WORK TO BE COMPLETED :: Copy exactly the lines of the data below, beginning with the line with "Black Employee Office" and ending with the line with "DBY สปิตเตอร์แยกสัญญาณทีวีดิจิตอล All". Pictures are to be omitted.

RECORDS ::
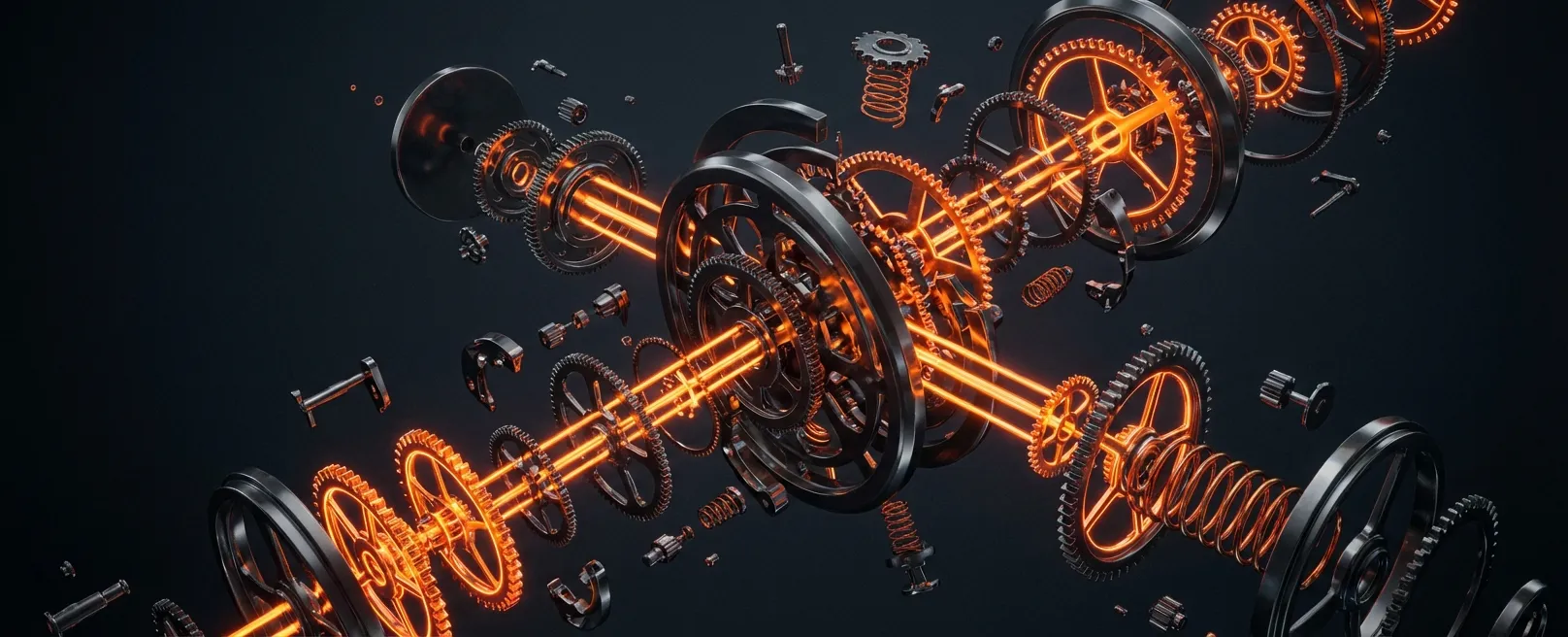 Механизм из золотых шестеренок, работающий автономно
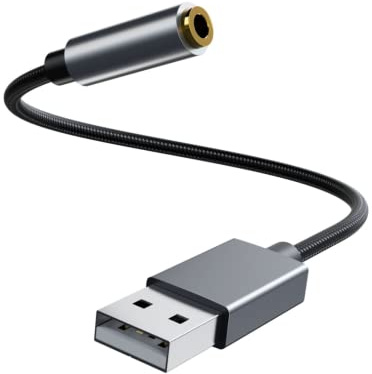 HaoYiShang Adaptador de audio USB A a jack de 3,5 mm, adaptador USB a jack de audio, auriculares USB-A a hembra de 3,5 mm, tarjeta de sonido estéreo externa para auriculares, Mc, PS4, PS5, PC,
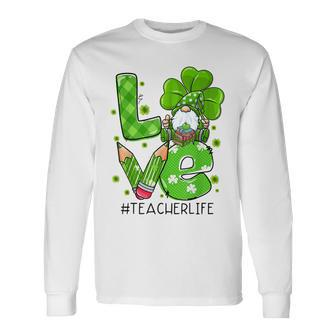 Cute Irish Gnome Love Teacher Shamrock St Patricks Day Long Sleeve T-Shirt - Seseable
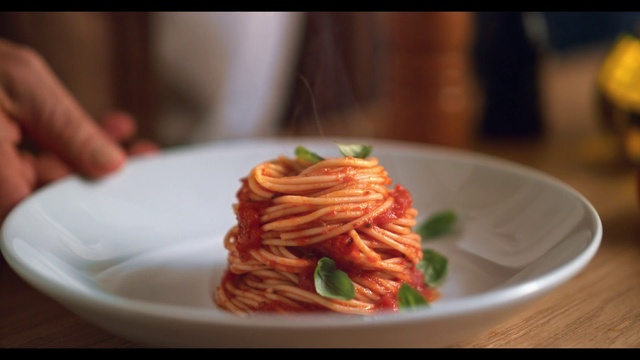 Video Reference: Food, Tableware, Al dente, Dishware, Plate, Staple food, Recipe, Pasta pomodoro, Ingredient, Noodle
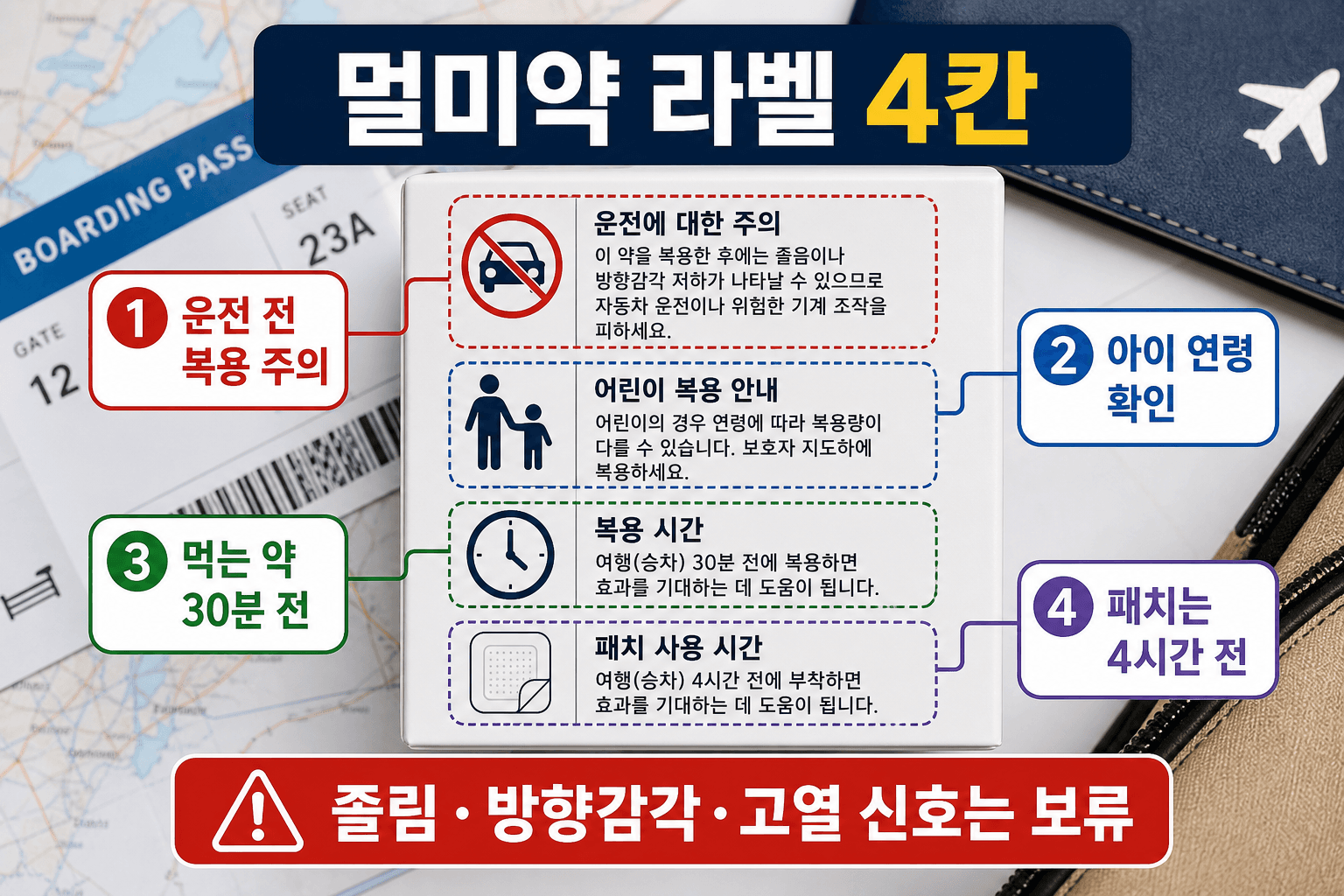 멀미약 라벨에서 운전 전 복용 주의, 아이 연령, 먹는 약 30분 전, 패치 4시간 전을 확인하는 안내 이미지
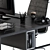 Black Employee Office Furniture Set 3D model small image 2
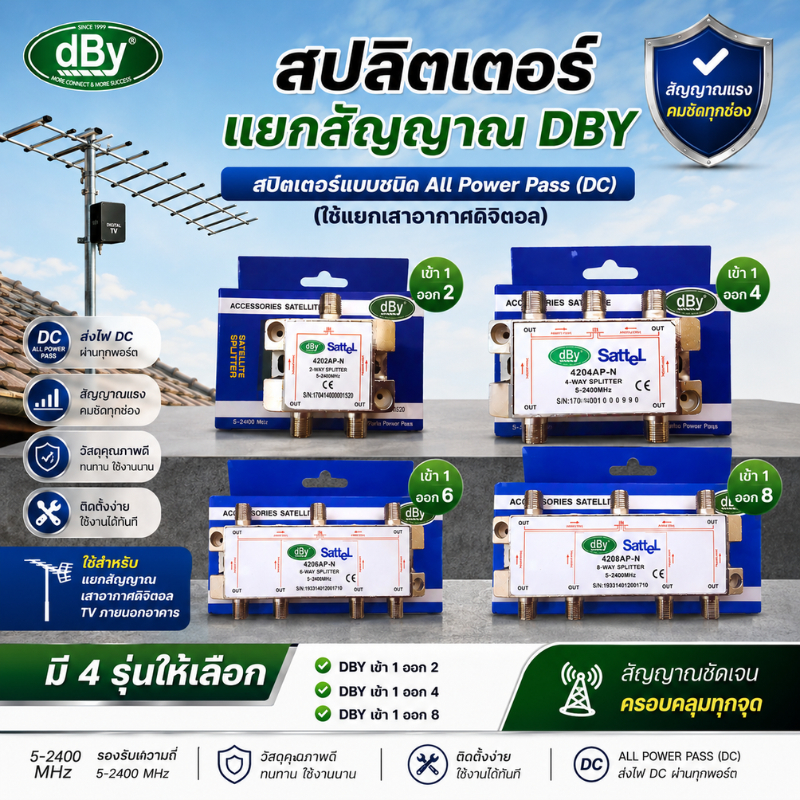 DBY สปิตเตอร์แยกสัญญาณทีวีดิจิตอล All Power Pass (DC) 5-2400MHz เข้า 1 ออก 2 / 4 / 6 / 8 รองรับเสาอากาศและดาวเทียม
---
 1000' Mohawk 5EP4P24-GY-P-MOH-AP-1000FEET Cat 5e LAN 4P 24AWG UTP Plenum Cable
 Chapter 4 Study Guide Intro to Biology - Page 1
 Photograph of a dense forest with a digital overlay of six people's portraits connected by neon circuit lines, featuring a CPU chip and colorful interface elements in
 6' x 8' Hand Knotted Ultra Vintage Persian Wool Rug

YOUR RESPONSE ::
 Black Employee Office Furniture Set 3D model small image 2
 DBY สปิตเตอร์แยกสัญญาณทีวีดิจิตอล All Power Pass (DC) 5-2400MHz เข้า 1 ออก 2 / 4 / 6 / 8 รองรับเสาอากาศและดาวเทียม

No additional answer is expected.